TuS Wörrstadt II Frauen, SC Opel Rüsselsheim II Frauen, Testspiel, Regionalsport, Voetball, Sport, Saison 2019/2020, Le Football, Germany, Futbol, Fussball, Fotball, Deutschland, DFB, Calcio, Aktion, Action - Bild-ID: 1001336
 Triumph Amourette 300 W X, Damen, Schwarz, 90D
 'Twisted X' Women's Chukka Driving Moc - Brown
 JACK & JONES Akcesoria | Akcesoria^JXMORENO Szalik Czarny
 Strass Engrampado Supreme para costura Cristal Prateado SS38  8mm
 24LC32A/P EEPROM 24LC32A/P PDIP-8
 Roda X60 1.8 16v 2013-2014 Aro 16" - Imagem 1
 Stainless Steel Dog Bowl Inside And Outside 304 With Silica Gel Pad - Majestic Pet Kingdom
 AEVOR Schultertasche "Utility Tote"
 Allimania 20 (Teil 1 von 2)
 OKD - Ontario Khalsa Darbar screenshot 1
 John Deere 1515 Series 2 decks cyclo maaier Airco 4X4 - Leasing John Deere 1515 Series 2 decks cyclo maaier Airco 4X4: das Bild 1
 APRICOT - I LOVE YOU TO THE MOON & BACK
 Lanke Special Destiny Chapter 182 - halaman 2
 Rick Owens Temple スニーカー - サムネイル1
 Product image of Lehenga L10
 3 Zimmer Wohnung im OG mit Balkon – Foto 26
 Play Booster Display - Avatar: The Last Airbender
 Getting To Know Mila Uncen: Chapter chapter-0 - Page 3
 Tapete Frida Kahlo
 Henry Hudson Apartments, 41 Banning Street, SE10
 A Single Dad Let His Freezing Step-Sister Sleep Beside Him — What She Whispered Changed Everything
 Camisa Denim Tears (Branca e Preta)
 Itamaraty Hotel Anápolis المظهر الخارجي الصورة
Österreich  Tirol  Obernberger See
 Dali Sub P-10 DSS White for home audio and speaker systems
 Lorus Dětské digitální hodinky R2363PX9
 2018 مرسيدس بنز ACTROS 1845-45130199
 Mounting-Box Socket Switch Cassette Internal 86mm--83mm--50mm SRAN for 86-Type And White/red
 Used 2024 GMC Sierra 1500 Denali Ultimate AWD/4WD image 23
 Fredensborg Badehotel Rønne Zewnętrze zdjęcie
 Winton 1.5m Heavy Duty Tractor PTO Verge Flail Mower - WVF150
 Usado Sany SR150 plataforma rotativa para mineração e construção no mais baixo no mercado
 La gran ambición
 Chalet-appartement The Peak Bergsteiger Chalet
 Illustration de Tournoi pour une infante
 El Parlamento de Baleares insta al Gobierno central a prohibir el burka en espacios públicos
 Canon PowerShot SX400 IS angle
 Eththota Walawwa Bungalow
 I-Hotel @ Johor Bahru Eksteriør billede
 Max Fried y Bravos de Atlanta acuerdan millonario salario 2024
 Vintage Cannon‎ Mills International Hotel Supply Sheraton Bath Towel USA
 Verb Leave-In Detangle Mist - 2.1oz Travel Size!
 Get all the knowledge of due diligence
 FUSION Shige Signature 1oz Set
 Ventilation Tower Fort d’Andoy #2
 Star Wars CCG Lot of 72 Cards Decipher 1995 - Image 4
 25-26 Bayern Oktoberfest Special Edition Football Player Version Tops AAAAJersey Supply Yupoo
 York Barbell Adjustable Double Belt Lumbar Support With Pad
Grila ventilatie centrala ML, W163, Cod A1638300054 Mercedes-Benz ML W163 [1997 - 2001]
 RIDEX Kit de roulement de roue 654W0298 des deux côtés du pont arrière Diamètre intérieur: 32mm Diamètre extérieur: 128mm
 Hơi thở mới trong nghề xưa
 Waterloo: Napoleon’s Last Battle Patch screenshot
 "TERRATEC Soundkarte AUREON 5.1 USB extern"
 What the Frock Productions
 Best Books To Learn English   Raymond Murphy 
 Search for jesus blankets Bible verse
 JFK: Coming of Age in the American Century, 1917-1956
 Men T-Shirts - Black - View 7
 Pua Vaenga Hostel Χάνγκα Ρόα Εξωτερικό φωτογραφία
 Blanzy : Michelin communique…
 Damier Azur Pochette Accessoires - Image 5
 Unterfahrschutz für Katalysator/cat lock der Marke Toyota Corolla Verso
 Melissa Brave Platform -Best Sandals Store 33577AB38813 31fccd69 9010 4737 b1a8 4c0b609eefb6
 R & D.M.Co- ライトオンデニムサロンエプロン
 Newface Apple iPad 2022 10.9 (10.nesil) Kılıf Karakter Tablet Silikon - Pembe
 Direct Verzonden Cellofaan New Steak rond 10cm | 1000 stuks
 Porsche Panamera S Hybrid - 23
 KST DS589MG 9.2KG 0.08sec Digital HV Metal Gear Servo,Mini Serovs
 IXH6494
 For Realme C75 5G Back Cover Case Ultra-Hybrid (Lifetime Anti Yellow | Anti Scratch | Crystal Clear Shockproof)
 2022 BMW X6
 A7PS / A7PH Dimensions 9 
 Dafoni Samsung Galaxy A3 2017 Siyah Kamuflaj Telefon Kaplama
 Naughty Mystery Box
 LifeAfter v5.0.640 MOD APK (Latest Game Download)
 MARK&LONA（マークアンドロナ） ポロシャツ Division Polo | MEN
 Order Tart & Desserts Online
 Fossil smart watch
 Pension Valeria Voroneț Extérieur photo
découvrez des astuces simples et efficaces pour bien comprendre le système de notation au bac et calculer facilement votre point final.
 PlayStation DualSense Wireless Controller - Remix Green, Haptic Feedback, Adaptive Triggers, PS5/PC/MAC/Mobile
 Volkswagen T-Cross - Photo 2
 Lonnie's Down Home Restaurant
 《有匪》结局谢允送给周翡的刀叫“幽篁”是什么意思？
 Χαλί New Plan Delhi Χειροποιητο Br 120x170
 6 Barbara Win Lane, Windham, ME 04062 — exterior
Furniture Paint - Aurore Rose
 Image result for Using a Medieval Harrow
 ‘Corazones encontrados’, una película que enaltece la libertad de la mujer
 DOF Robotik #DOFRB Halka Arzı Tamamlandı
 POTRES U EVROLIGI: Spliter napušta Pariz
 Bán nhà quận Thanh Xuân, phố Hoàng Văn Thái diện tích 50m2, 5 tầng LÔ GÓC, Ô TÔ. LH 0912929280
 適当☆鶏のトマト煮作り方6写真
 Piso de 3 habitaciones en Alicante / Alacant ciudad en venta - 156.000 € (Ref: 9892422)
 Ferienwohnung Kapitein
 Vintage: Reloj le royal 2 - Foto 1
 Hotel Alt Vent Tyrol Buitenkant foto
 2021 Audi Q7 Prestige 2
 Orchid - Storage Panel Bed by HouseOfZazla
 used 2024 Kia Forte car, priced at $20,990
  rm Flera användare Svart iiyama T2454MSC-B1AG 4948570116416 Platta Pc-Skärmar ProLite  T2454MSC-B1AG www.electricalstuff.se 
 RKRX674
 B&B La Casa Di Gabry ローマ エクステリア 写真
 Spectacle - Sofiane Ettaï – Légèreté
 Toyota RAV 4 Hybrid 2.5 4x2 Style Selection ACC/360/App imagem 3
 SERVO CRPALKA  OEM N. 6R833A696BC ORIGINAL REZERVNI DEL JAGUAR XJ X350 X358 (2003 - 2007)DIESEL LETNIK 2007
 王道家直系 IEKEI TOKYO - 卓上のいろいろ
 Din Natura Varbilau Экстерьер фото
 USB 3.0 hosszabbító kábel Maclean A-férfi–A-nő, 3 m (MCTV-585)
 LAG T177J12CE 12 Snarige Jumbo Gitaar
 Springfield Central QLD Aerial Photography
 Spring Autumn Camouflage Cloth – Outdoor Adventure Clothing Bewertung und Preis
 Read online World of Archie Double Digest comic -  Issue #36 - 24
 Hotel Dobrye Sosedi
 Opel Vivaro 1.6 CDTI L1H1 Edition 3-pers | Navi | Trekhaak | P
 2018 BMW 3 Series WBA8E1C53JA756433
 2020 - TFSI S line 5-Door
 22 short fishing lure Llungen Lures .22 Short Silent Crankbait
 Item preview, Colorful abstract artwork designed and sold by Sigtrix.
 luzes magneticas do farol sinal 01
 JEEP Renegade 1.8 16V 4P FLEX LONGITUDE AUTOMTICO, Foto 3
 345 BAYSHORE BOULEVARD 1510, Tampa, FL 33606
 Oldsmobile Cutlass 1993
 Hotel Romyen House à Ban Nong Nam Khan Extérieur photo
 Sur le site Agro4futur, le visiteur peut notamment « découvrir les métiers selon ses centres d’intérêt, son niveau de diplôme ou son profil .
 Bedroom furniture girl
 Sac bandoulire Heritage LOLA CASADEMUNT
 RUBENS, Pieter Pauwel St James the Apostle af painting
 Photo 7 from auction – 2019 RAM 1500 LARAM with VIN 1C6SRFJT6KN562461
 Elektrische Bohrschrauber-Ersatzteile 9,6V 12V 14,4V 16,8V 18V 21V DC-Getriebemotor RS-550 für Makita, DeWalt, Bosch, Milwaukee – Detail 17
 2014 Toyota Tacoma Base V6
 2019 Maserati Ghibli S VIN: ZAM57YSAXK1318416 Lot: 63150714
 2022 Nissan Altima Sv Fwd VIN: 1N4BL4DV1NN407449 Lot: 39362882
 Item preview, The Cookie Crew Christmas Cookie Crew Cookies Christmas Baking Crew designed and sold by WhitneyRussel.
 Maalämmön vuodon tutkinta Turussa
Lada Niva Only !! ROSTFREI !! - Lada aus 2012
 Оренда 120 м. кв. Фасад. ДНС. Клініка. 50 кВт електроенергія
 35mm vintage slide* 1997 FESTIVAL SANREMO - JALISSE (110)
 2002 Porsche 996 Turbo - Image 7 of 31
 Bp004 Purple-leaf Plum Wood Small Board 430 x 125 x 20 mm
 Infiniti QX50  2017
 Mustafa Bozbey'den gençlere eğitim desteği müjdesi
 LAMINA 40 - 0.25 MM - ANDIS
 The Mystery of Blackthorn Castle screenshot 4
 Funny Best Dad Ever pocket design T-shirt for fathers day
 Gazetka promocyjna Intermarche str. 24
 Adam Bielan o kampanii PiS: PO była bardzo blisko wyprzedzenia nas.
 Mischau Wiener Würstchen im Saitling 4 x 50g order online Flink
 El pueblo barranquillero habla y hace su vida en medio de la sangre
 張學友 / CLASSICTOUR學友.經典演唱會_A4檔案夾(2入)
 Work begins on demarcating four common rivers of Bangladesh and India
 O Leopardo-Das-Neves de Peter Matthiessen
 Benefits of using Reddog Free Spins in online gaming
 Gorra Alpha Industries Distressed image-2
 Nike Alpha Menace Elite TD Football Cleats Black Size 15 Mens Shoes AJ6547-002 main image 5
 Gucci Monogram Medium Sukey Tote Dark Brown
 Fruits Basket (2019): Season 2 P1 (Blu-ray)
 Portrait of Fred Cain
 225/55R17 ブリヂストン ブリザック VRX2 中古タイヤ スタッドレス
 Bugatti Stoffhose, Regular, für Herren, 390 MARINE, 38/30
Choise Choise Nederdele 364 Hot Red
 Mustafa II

****

_Problem to solve_
What you output must match the lines from the beginning of the material through the line with "Moc - Brown" exactly, both ends included.

_Exercise output_
TuS Wörrstadt II Frauen, SC Opel Rüsselsheim II Frauen, Testspiel, Regionalsport, Voetball, Sport, Saison 2019/2020, Le Football, Germany, Futbol, Fussball, Fotball, Deutschland, DFB, Calcio, Aktion, Action - Bild-ID: 1001336
 Triumph Amourette 300 W X, Damen, Schwarz, 90D
 'Twisted X' Women's Chukka Driving Moc - Brown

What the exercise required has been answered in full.